§ **Instructions to follow**:
Only an exact repetition of the lines from the one holding "7 chambres, fer" to the end of the data is wanted, with pictures left out.

§ **Given information**:
'''

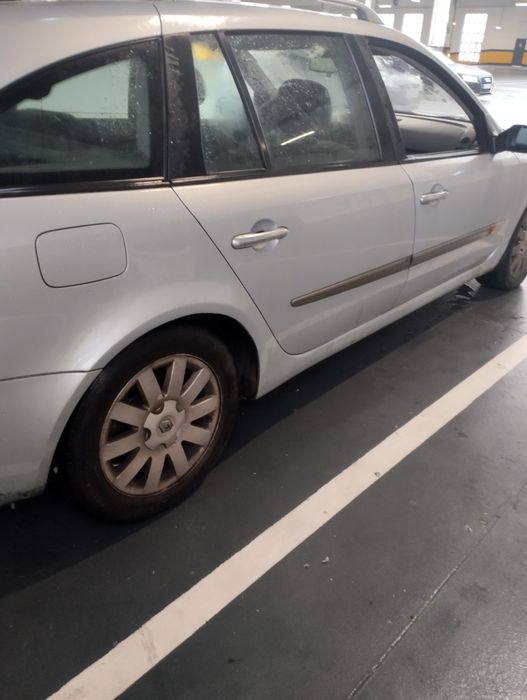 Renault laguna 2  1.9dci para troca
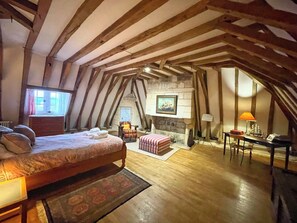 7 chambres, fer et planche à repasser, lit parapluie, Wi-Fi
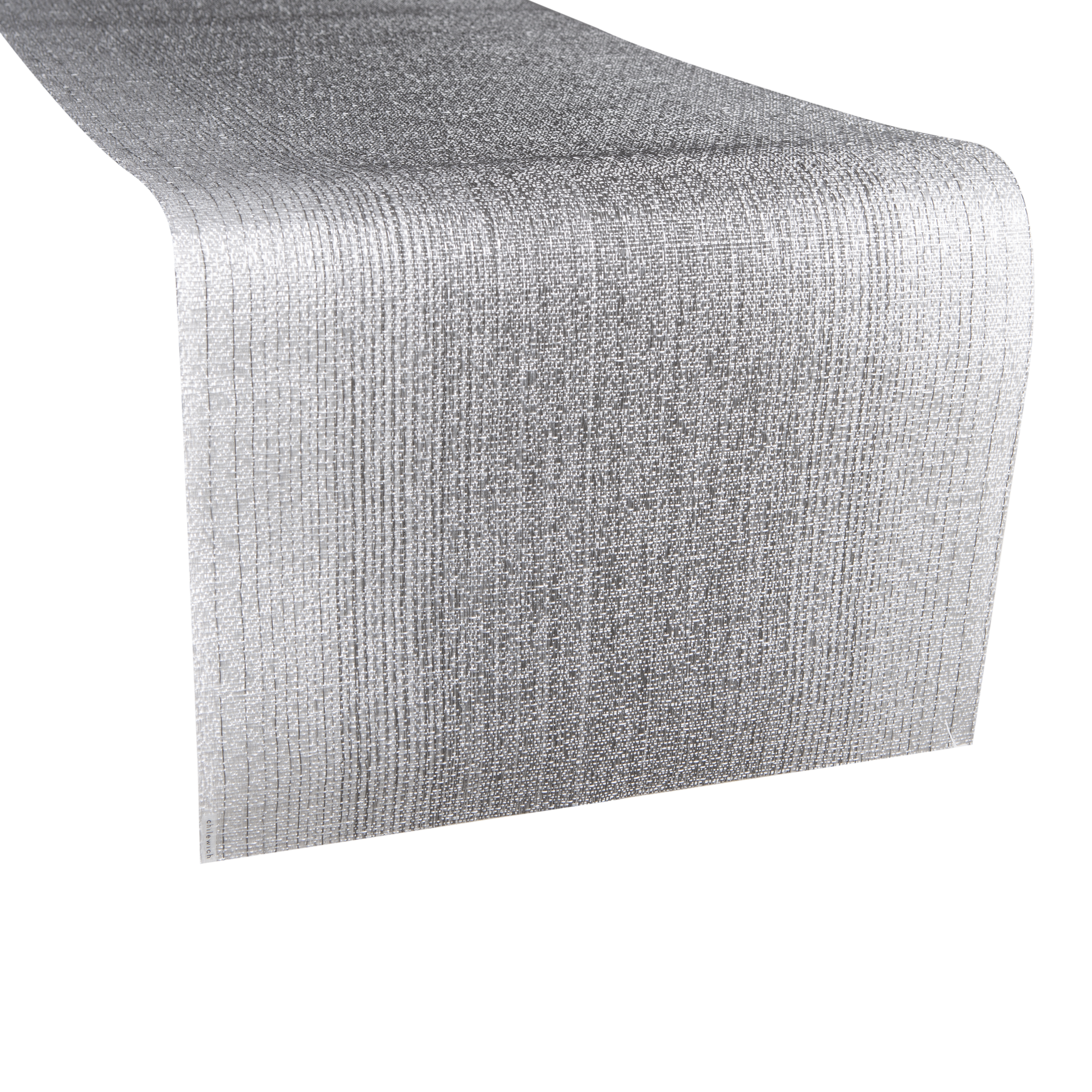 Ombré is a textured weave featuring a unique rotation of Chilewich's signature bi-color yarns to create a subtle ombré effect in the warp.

'''

§ **The answer**:
 7 chambres, fer et planche à repasser, lit parapluie, Wi-Fi
 Ombré is a textured weave featuring a unique rotation of Chilewich's signature bi-color yarns to create a subtle ombré effect in the warp.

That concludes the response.